How Government Contractors Can Make Sense of Open Books
This post, written by Jeremy Higbee, originally appeared on Public Spend Forum.
If you’ve ever worked in government contracting, you know that there are a lot of acronyms to learn and hoops that need to be jumped through in order to become a federal vendor. Whether you’re trying to self-certify as a certain type of small business or trying to register for the System of Awards Management, government contracting is a maze of regulations and rules from the get-go.
Once a contract finally gets awarded to a federal vendor, it’d be a nice reprieve to have some clarity in the contract. But, alas, there has not been much luck in that sector. Many contracts have been described as “open-book” upon being awarded, but it turns out that only a third of the contracts have actual open-book accounting clauses in them.
An open-book clause is a clear-cut way to write a contract. Essentially, the federal vendor and the government agency agree on which costs are remunerable and the margin that the federal vendor can add to the costs. So, the vendor is paid for all allowed expenses and is paid additionally to allow a profit margin.

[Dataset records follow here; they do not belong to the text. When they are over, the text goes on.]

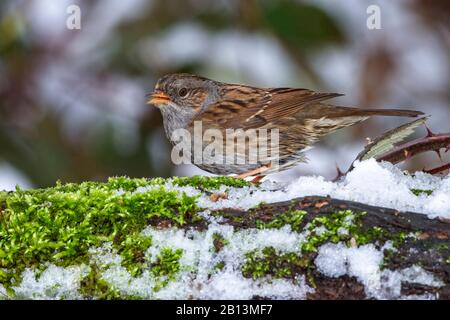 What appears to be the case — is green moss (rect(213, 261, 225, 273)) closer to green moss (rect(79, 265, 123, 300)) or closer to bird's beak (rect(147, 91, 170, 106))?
green moss (rect(79, 265, 123, 300))

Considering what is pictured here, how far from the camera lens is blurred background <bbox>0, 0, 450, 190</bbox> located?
4.92 m

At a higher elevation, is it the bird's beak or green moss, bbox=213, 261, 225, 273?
the bird's beak

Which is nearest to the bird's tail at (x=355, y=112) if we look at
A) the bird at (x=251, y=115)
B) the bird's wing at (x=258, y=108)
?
the bird at (x=251, y=115)

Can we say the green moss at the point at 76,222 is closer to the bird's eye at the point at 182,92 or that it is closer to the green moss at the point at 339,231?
the green moss at the point at 339,231

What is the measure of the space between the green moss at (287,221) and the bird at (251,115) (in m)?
1.96

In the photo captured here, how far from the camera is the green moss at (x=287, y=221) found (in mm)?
2391

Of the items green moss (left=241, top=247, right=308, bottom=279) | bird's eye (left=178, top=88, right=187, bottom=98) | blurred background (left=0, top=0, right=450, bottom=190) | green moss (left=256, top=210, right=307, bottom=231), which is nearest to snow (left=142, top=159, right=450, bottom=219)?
green moss (left=256, top=210, right=307, bottom=231)

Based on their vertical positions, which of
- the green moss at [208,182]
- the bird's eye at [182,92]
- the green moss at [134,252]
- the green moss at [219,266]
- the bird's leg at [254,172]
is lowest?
the green moss at [219,266]

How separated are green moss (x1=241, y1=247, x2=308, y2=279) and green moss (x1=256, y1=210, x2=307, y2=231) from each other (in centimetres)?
10

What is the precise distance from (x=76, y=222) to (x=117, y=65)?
279 cm

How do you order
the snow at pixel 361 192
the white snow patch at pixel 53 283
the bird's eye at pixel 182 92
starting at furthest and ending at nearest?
the bird's eye at pixel 182 92 < the snow at pixel 361 192 < the white snow patch at pixel 53 283

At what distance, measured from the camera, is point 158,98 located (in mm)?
5094

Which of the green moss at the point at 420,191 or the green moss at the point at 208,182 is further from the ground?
the green moss at the point at 208,182

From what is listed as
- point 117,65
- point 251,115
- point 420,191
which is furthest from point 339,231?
point 117,65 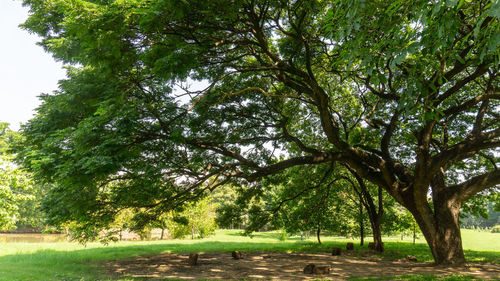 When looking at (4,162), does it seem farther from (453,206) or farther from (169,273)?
(453,206)

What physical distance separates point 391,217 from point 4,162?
2074 centimetres

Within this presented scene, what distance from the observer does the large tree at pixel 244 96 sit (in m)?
4.62

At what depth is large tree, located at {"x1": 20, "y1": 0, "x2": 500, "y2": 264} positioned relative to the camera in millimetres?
4625

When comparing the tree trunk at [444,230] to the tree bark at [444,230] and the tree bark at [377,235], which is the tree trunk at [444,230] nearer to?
the tree bark at [444,230]

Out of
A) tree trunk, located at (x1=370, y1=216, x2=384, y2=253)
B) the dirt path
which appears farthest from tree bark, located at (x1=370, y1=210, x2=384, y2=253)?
the dirt path

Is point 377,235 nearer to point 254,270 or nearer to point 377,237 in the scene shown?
point 377,237

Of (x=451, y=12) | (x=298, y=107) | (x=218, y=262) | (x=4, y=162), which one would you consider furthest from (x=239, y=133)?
(x=4, y=162)

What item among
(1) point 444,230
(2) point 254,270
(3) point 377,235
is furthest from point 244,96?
(3) point 377,235

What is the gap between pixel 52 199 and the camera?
953 centimetres

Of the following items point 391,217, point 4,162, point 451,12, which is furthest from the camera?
point 391,217

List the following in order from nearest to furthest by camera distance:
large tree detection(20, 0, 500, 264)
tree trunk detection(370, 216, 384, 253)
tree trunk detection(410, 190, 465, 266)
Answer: large tree detection(20, 0, 500, 264) < tree trunk detection(410, 190, 465, 266) < tree trunk detection(370, 216, 384, 253)

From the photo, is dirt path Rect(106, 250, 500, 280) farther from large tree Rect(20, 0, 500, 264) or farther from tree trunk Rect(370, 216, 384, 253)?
tree trunk Rect(370, 216, 384, 253)

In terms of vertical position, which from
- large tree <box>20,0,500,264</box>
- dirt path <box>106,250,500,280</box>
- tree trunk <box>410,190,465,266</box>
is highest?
large tree <box>20,0,500,264</box>

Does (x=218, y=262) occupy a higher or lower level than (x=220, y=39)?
lower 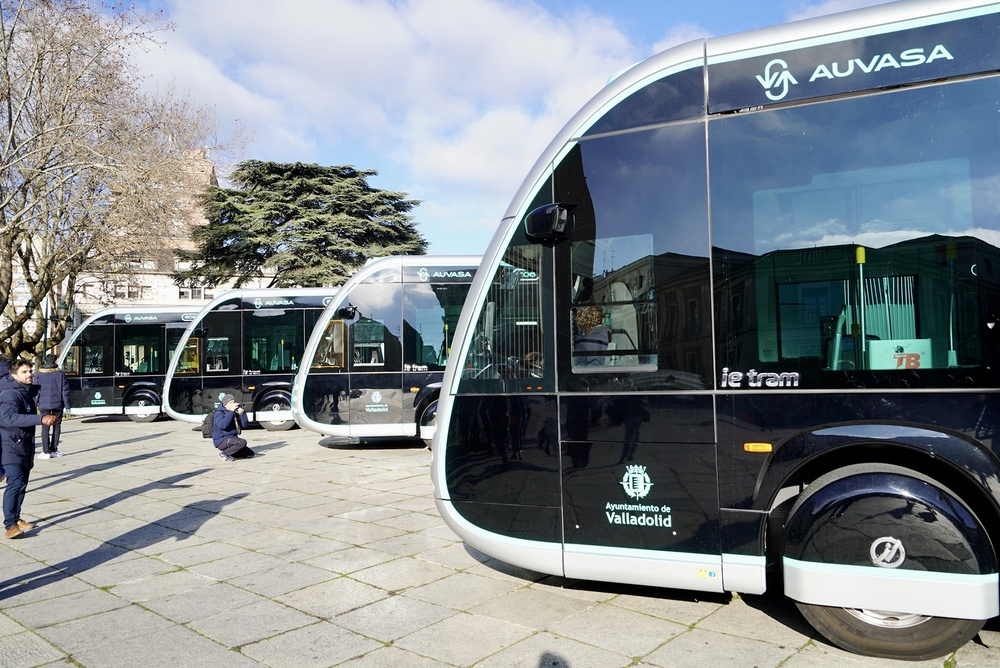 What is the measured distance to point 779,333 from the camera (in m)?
4.02

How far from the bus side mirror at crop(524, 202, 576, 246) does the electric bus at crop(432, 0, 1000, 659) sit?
0.01 metres

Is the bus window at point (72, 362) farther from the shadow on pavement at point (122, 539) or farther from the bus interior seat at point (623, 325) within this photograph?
the bus interior seat at point (623, 325)

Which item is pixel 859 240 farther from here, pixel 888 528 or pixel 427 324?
pixel 427 324

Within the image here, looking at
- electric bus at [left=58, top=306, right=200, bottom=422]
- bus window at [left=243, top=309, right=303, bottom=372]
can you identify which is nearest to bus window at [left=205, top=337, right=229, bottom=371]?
bus window at [left=243, top=309, right=303, bottom=372]

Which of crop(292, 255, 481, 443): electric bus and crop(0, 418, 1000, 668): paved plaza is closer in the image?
crop(0, 418, 1000, 668): paved plaza

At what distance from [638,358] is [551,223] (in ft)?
3.37

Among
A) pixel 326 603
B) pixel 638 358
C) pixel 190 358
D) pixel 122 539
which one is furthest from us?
pixel 190 358

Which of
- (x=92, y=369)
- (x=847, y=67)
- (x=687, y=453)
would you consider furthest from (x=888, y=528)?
(x=92, y=369)

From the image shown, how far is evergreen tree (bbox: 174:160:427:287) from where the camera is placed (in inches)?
1277

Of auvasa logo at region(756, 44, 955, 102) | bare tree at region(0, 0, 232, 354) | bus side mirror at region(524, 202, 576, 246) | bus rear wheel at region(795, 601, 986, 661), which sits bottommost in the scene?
bus rear wheel at region(795, 601, 986, 661)

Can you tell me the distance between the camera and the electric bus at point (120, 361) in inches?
792

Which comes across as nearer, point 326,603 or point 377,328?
point 326,603

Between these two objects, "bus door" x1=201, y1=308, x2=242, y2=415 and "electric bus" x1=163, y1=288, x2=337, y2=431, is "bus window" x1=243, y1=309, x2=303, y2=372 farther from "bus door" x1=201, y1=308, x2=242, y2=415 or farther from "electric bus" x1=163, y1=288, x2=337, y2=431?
"bus door" x1=201, y1=308, x2=242, y2=415

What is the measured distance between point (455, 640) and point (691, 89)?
360cm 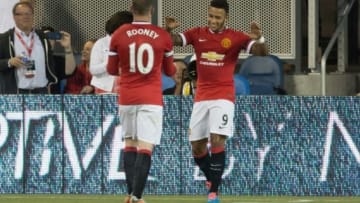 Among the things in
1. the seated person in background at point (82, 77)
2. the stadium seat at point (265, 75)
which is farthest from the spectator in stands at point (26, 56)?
the stadium seat at point (265, 75)

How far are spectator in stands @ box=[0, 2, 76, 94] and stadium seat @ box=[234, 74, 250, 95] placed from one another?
2.09m

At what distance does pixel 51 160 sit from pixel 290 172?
284 centimetres

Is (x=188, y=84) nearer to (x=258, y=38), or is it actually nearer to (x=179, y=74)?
(x=179, y=74)

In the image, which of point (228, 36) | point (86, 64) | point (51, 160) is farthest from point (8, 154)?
point (228, 36)

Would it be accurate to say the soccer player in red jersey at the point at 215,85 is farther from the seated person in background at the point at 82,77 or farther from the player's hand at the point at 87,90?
the seated person in background at the point at 82,77

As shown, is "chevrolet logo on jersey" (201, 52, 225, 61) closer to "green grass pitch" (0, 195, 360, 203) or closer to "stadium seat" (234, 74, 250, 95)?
"green grass pitch" (0, 195, 360, 203)

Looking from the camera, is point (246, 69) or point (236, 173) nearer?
point (236, 173)

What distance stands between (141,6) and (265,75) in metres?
5.13

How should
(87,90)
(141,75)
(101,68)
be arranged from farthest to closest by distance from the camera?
(87,90) < (101,68) < (141,75)

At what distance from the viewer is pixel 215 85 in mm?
16172

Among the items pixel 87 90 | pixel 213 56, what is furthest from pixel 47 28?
→ pixel 213 56

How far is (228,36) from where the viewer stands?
16203 mm

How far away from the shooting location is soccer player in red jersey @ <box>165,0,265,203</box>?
16.1 meters

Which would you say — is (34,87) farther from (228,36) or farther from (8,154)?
(228,36) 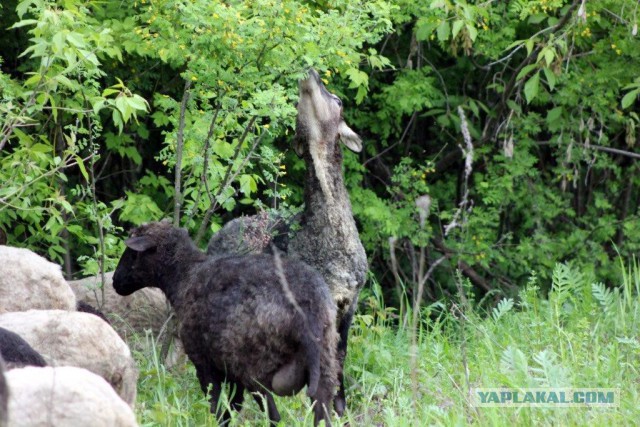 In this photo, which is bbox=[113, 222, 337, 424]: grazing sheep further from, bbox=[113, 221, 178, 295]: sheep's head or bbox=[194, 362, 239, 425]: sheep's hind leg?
bbox=[113, 221, 178, 295]: sheep's head

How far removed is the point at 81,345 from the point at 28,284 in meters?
1.13

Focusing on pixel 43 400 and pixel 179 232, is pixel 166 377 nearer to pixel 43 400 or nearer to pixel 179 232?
pixel 179 232

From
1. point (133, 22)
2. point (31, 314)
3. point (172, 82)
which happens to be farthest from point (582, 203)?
point (31, 314)

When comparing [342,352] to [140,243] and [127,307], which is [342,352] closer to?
[140,243]

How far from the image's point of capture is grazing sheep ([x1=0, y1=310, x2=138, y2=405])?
545cm

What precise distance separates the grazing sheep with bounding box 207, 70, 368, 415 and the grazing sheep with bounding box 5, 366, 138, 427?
2.93 m

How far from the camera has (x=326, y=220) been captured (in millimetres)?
6926

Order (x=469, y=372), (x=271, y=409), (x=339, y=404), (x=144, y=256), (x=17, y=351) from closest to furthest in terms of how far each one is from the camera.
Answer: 1. (x=17, y=351)
2. (x=271, y=409)
3. (x=469, y=372)
4. (x=144, y=256)
5. (x=339, y=404)

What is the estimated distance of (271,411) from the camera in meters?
6.16

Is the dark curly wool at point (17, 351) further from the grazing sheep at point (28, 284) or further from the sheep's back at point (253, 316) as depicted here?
the grazing sheep at point (28, 284)

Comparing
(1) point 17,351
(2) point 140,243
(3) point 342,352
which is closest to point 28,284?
(2) point 140,243

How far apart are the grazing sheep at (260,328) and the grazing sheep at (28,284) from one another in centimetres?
81

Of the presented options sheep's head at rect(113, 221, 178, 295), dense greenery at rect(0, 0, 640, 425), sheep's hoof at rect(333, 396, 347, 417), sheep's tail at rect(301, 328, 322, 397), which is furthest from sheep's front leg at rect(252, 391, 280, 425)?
sheep's head at rect(113, 221, 178, 295)

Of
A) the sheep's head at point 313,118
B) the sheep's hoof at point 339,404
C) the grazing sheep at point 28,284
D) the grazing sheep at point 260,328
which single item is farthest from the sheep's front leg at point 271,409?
the sheep's head at point 313,118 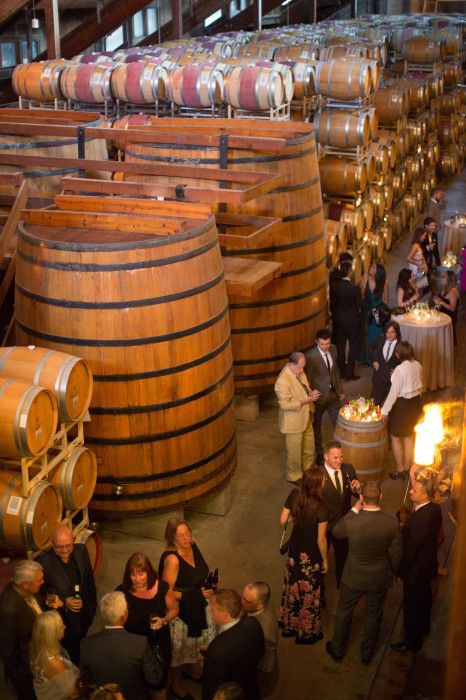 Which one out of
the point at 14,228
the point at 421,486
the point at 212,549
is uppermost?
the point at 14,228

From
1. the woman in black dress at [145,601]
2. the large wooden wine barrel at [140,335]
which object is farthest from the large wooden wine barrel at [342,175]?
the woman in black dress at [145,601]

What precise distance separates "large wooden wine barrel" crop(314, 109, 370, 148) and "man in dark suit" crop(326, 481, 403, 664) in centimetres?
629

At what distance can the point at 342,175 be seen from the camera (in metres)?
10.0

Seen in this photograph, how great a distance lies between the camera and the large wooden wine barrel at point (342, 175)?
1001 cm

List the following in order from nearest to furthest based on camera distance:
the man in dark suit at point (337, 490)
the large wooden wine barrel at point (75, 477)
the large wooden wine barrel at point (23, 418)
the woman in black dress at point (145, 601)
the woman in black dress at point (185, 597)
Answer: the woman in black dress at point (145, 601) → the large wooden wine barrel at point (23, 418) → the woman in black dress at point (185, 597) → the large wooden wine barrel at point (75, 477) → the man in dark suit at point (337, 490)

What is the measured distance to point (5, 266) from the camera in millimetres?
6504

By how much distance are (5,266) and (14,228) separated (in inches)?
13.3

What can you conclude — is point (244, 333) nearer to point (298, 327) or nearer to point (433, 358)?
point (298, 327)

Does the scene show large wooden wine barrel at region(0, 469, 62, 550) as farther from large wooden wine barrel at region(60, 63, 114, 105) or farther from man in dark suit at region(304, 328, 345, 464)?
large wooden wine barrel at region(60, 63, 114, 105)

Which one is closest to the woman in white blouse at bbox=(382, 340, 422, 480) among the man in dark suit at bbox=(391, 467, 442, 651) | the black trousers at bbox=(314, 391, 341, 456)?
the black trousers at bbox=(314, 391, 341, 456)

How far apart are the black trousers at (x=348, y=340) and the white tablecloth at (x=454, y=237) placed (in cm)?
402

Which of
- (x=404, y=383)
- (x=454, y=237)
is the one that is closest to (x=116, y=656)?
(x=404, y=383)

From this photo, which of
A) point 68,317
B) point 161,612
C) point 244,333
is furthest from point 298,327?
point 161,612

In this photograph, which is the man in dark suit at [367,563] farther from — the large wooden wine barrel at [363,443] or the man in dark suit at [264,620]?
the large wooden wine barrel at [363,443] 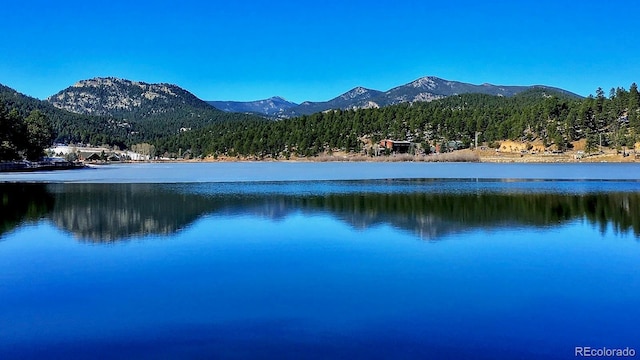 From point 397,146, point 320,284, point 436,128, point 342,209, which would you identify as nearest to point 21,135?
point 342,209

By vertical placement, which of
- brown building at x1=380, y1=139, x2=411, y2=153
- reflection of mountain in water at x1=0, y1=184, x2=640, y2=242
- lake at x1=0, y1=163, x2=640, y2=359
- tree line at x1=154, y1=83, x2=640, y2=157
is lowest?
lake at x1=0, y1=163, x2=640, y2=359

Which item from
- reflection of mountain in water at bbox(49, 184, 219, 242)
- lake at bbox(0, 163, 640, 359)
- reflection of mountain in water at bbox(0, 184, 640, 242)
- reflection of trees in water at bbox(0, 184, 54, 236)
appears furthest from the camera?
reflection of trees in water at bbox(0, 184, 54, 236)

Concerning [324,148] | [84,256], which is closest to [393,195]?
[84,256]

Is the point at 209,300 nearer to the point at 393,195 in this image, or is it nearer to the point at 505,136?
the point at 393,195

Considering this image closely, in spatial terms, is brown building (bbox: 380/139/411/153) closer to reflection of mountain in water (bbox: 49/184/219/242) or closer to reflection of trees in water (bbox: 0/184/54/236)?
reflection of mountain in water (bbox: 49/184/219/242)

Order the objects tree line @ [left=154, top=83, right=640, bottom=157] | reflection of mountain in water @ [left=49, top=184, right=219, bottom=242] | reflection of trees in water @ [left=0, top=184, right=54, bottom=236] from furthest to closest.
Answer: tree line @ [left=154, top=83, right=640, bottom=157] < reflection of trees in water @ [left=0, top=184, right=54, bottom=236] < reflection of mountain in water @ [left=49, top=184, right=219, bottom=242]

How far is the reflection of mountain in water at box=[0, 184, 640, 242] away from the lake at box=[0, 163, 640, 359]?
18 centimetres

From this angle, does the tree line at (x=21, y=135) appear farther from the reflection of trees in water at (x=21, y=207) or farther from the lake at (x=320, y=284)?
the lake at (x=320, y=284)

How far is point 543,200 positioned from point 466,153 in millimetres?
81072

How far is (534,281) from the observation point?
33.7 feet

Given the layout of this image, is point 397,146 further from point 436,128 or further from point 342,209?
point 342,209

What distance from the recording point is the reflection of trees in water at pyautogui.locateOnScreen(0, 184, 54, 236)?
19.5m

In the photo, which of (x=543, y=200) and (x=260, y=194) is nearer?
(x=543, y=200)

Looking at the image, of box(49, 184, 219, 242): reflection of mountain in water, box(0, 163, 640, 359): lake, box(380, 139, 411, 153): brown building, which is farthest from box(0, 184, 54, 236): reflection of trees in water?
box(380, 139, 411, 153): brown building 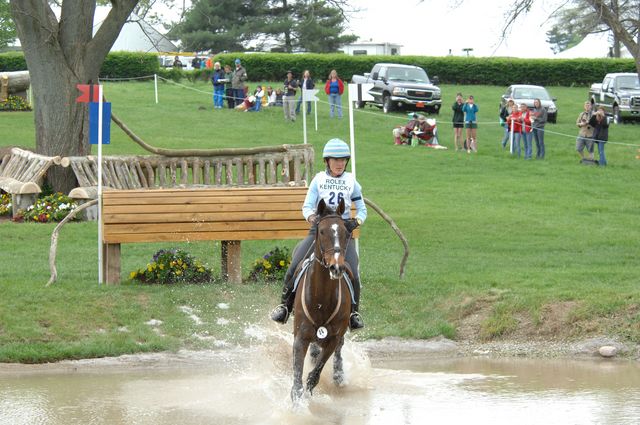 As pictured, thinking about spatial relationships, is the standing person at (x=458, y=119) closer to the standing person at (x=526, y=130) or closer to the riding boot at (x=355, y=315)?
the standing person at (x=526, y=130)

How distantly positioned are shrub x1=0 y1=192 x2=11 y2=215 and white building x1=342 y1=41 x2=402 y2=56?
197 feet

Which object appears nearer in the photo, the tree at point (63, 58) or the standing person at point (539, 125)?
the tree at point (63, 58)

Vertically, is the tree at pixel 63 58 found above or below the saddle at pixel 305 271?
Answer: above

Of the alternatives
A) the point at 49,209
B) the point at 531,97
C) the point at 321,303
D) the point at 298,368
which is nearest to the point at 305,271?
the point at 321,303

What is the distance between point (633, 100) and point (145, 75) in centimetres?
2707

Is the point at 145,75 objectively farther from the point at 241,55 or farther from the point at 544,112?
the point at 544,112

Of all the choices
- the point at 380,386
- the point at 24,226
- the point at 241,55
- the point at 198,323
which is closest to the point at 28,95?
the point at 241,55

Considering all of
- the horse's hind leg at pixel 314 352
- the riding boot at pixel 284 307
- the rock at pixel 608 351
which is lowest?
the rock at pixel 608 351

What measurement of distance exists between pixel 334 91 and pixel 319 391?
30.1 m

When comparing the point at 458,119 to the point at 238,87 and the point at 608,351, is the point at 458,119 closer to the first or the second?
the point at 238,87

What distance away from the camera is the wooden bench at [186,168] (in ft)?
69.3

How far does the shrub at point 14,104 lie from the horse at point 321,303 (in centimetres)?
3338

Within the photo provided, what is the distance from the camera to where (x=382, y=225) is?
21641 mm

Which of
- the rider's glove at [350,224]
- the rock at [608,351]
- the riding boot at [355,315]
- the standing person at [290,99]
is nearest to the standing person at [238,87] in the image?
the standing person at [290,99] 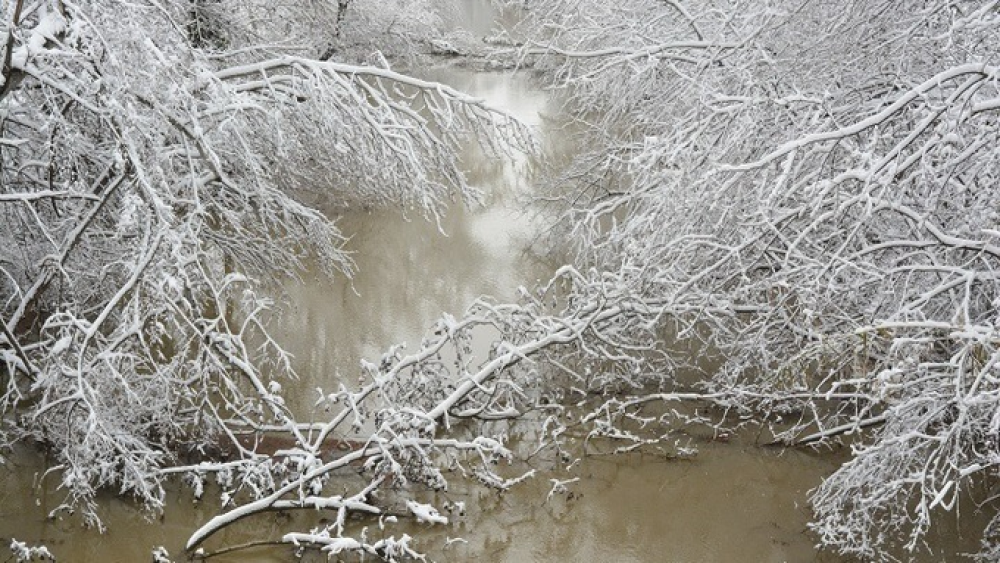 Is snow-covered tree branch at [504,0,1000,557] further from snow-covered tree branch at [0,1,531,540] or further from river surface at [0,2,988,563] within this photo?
snow-covered tree branch at [0,1,531,540]

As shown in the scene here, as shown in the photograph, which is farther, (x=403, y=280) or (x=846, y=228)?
(x=403, y=280)

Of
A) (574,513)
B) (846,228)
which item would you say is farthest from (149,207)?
(846,228)

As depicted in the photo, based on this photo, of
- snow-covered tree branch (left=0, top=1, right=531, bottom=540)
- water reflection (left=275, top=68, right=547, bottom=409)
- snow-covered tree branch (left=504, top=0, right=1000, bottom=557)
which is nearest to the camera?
snow-covered tree branch (left=504, top=0, right=1000, bottom=557)

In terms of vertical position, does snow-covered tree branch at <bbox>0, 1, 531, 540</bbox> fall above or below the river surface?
above

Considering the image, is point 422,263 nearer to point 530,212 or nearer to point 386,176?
point 530,212

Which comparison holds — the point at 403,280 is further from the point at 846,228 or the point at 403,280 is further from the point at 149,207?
the point at 846,228

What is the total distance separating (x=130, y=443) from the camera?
265 inches

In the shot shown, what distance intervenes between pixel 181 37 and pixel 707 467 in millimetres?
5372

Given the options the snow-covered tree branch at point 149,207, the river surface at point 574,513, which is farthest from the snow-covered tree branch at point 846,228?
the snow-covered tree branch at point 149,207

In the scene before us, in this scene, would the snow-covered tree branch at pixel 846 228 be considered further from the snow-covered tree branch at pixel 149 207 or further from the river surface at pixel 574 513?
the snow-covered tree branch at pixel 149 207

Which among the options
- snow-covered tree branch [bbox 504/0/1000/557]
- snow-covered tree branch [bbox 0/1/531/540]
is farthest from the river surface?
snow-covered tree branch [bbox 504/0/1000/557]

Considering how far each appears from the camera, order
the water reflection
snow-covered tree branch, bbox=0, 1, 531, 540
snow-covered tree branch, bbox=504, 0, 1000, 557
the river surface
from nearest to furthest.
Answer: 1. snow-covered tree branch, bbox=504, 0, 1000, 557
2. snow-covered tree branch, bbox=0, 1, 531, 540
3. the river surface
4. the water reflection

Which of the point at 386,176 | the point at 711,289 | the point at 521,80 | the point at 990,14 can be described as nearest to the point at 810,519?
the point at 711,289

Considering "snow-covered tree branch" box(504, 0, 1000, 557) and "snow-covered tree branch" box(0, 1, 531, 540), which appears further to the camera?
"snow-covered tree branch" box(0, 1, 531, 540) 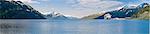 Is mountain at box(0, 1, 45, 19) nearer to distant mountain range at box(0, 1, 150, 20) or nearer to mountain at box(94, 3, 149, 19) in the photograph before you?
distant mountain range at box(0, 1, 150, 20)

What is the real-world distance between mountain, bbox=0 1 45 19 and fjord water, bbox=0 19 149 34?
0.07 metres

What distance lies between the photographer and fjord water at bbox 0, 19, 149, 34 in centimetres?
407

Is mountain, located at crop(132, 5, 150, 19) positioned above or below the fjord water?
above

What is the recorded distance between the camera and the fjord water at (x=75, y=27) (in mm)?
4074

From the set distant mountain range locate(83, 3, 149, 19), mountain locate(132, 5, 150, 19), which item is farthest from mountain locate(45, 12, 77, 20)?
mountain locate(132, 5, 150, 19)

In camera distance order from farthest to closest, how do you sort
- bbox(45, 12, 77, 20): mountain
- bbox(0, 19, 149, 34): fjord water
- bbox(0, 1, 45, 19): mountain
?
bbox(0, 19, 149, 34): fjord water
bbox(45, 12, 77, 20): mountain
bbox(0, 1, 45, 19): mountain

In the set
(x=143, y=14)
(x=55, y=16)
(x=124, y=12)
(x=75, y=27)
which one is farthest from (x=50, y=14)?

Open-book contracts are favored over fixed-price contracts because, in a fixed-price, a negotiated amount is paid regardless of any extra expenses. Contractors, then, don’t make a profit, rendering the government contracting revenue opportunity null. If contractors can’t make a profit working with the government, a lot of the talent that the government needs to function will leave. Truly, if the government wants to be better, it’s gotta be better to its workers, including contractors.